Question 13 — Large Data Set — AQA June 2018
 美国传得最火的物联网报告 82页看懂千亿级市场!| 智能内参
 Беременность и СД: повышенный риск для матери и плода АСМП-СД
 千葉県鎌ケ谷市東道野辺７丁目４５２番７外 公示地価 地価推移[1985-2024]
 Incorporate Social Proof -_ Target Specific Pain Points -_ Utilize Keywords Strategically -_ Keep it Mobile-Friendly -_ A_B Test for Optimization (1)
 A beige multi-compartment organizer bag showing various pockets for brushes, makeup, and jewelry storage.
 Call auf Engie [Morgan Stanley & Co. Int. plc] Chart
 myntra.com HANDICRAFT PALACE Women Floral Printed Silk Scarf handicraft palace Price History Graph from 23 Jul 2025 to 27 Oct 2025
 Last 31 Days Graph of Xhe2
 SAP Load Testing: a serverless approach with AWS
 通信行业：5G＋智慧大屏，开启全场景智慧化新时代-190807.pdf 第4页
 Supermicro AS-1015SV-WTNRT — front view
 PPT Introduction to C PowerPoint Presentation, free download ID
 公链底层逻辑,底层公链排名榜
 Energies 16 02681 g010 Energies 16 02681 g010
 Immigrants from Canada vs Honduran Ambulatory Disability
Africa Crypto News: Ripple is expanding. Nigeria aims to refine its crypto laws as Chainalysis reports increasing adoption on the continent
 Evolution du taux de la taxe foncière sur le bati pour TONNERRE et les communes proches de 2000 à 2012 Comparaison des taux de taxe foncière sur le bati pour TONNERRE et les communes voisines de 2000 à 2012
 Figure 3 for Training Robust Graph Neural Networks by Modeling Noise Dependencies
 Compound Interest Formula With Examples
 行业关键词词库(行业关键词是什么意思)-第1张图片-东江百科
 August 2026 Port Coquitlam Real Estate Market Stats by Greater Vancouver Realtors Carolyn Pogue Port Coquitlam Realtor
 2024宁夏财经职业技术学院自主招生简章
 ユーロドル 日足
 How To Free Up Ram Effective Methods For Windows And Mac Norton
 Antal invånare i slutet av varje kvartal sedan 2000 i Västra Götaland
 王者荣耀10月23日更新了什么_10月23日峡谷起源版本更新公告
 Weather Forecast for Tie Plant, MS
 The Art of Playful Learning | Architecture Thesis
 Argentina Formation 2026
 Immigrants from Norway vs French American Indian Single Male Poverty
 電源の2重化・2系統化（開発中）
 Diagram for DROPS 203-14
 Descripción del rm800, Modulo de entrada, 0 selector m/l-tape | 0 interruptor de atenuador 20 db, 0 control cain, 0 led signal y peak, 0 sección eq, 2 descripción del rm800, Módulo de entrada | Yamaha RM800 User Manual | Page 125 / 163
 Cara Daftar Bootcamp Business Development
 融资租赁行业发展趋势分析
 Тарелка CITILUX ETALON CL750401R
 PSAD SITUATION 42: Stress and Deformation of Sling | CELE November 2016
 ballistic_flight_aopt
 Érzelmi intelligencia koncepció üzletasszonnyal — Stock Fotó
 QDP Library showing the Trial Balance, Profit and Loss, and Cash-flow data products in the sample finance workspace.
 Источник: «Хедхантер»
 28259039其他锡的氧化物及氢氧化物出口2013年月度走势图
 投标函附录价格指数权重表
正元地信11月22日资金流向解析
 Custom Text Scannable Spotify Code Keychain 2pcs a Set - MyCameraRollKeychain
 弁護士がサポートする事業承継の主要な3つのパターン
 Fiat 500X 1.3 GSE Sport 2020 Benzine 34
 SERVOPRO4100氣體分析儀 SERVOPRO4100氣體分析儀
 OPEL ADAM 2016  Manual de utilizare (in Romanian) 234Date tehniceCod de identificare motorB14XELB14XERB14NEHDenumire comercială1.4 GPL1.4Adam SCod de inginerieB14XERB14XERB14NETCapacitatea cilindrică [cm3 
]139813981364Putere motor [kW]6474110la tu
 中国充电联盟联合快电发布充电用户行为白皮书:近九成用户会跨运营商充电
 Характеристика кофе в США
────
Exercise details: In full and without error, transcribe the listing.

Finished task:
Question 13 — Large Data Set — AQA June 2018
 美国传得最火的物联网报告 82页看懂千亿级市场!| 智能内参
 Беременность и СД: повышенный риск для матери и плода АСМП-СД
 千葉県鎌ケ谷市東道野辺７丁目４５２番７外 公示地価 地価推移[1985-2024]
 Incorporate Social Proof -_ Target Specific Pain Points -_ Utilize Keywords Strategically -_ Keep it Mobile-Friendly -_ A_B Test for Optimization (1)
 A beige multi-compartment organizer bag showing various pockets for brushes, makeup, and jewelry storage.
 Call auf Engie [Morgan Stanley & Co. Int. plc] Chart
 myntra.com HANDICRAFT PALACE Women Floral Printed Silk Scarf handicraft palace Price History Graph from 23 Jul 2025 to 27 Oct 2025
 Last 31 Days Graph of Xhe2
 SAP Load Testing: a serverless approach with AWS
 通信行业：5G＋智慧大屏，开启全场景智慧化新时代-190807.pdf 第4页
 Supermicro AS-1015SV-WTNRT — front view
 PPT Introduction to C PowerPoint Presentation, free download ID
 公链底层逻辑,底层公链排名榜
 Energies 16 02681 g010 Energies 16 02681 g010
 Immigrants from Canada vs Honduran Ambulatory Disability
Africa Crypto News: Ripple is expanding. Nigeria aims to refine its crypto laws as Chainalysis reports increasing adoption on the continent
 Evolution du taux de la taxe foncière sur le bati pour TONNERRE et les communes proches de 2000 à 2012 Comparaison des taux de taxe foncière sur le bati pour TONNERRE et les communes voisines de 2000 à 2012
 Figure 3 for Training Robust Graph Neural Networks by Modeling Noise Dependencies
 Compound Interest Formula With Examples
 行业关键词词库(行业关键词是什么意思)-第1张图片-东江百科
 August 2026 Port Coquitlam Real Estate Market Stats by Greater Vancouver Realtors Carolyn Pogue Port Coquitlam Realtor
 2024宁夏财经职业技术学院自主招生简章
 ユーロドル 日足
 How To Free Up Ram Effective Methods For Windows And Mac Norton
 Antal invånare i slutet av varje kvartal sedan 2000 i Västra Götaland
 王者荣耀10月23日更新了什么_10月23日峡谷起源版本更新公告
 Weather Forecast for Tie Plant, MS
 The Art of Playful Learning | Architecture Thesis
 Argentina Formation 2026
 Immigrants from Norway vs French American Indian Single Male Poverty
 電源の2重化・2系統化（開発中）
 Diagram for DROPS 203-14
 Descripción del rm800, Modulo de entrada, 0 selector m/l-tape | 0 interruptor de atenuador 20 db, 0 control cain, 0 led signal y peak, 0 sección eq, 2 descripción del rm800, Módulo de entrada | Yamaha RM800 User Manual | Page 125 / 163
 Cara Daftar Bootcamp Business Development
 融资租赁行业发展趋势分析
 Тарелка CITILUX ETALON CL750401R
 PSAD SITUATION 42: Stress and Deformation of Sling | CELE November 2016
 ballistic_flight_aopt
 Érzelmi intelligencia koncepció üzletasszonnyal — Stock Fotó
 QDP Library showing the Trial Balance, Profit and Loss, and Cash-flow data products in the sample finance workspace.
 Источник: «Хедхантер»
 28259039其他锡的氧化物及氢氧化物出口2013年月度走势图
 投标函附录价格指数权重表
正元地信11月22日资金流向解析
 Custom Text Scannable Spotify Code Keychain 2pcs a Set - MyCameraRollKeychain
 弁護士がサポートする事業承継の主要な3つのパターン
 Fiat 500X 1.3 GSE Sport 2020 Benzine 34
 SERVOPRO4100氣體分析儀 SERVOPRO4100氣體分析儀
 OPEL ADAM 2016  Manual de utilizare (in Romanian) 234Date tehniceCod de identificare motorB14XELB14XERB14NEHDenumire comercială1.4 GPL1.4Adam SCod de inginerieB14XERB14XERB14NETCapacitatea cilindrică [cm3 
]139813981364Putere motor [kW]6474110la tu
 中国充电联盟联合快电发布充电用户行为白皮书:近九成用户会跨运营商充电
 Характеристика кофе в США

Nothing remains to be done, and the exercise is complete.